▶ **TASK OBJECTIVE**: Only the lines from the one that contains "Gravity defying cake" through the last line of the records should appear, each printed exactly as it is.

▶ **RECORDS SHOWN**:

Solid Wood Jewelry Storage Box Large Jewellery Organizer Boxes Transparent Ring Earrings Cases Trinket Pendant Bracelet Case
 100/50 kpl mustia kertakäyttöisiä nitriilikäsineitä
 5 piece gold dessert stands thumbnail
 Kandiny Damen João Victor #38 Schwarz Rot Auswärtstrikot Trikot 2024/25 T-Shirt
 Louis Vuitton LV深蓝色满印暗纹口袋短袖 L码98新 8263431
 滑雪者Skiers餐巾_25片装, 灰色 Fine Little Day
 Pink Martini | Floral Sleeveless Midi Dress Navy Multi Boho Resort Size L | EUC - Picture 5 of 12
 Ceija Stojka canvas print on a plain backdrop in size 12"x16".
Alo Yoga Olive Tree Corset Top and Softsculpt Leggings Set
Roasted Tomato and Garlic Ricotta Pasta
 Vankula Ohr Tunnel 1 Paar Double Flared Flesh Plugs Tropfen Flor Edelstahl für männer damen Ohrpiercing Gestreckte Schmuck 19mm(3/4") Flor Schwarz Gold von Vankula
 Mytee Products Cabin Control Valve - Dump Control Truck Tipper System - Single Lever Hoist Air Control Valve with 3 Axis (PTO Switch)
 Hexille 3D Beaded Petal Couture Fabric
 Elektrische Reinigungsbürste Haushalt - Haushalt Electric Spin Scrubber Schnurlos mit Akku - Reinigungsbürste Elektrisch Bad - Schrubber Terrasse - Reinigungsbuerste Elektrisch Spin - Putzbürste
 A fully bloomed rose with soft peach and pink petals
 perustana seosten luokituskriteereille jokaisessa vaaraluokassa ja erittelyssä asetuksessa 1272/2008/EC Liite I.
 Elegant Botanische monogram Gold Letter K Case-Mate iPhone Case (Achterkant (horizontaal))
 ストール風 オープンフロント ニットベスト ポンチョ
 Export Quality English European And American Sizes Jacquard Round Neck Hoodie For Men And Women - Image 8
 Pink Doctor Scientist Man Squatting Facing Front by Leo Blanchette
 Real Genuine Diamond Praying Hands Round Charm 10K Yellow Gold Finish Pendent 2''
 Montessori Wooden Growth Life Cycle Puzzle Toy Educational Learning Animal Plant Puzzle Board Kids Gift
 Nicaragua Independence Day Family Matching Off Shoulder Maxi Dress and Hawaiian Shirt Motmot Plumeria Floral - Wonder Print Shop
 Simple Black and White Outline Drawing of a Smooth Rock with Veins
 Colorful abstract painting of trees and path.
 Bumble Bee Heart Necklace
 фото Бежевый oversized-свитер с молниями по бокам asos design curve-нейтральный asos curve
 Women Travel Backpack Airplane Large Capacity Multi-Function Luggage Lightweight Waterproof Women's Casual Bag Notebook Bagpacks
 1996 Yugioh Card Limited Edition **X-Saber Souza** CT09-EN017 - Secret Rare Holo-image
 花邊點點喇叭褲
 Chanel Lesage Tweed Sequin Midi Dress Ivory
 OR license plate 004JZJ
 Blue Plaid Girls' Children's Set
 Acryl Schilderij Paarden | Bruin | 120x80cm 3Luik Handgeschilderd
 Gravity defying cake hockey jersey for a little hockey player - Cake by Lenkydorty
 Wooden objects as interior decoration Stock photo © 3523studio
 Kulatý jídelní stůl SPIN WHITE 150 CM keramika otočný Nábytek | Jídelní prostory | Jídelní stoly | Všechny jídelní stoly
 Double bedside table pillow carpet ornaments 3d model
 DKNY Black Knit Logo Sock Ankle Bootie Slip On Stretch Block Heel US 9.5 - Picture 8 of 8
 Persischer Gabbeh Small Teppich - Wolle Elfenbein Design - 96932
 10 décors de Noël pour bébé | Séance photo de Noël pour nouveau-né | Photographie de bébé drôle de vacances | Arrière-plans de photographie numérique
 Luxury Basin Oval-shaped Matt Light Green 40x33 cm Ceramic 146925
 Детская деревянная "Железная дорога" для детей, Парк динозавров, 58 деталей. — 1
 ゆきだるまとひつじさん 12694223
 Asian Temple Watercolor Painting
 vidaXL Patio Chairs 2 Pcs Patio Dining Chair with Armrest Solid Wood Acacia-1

▶ **FINISHED EXERCISE**:
 Gravity defying cake hockey jersey for a little hockey player - Cake by Lenkydorty
 Wooden objects as interior decoration Stock photo © 3523studio
 Kulatý jídelní stůl SPIN WHITE 150 CM keramika otočný Nábytek | Jídelní prostory | Jídelní stoly | Všechny jídelní stoly
 Double bedside table pillow carpet ornaments 3d model
 DKNY Black Knit Logo Sock Ankle Bootie Slip On Stretch Block Heel US 9.5 - Picture 8 of 8
 Persischer Gabbeh Small Teppich - Wolle Elfenbein Design - 96932
 10 décors de Noël pour bébé | Séance photo de Noël pour nouveau-né | Photographie de bébé drôle de vacances | Arrière-plans de photographie numérique
 Luxury Basin Oval-shaped Matt Light Green 40x33 cm Ceramic 146925
 Детская деревянная "Железная дорога" для детей, Парк динозавров, 58 деталей. — 1
 ゆきだるまとひつじさん 12694223
 Asian Temple Watercolor Painting
 vidaXL Patio Chairs 2 Pcs Patio Dining Chair with Armrest Solid Wood Acacia-1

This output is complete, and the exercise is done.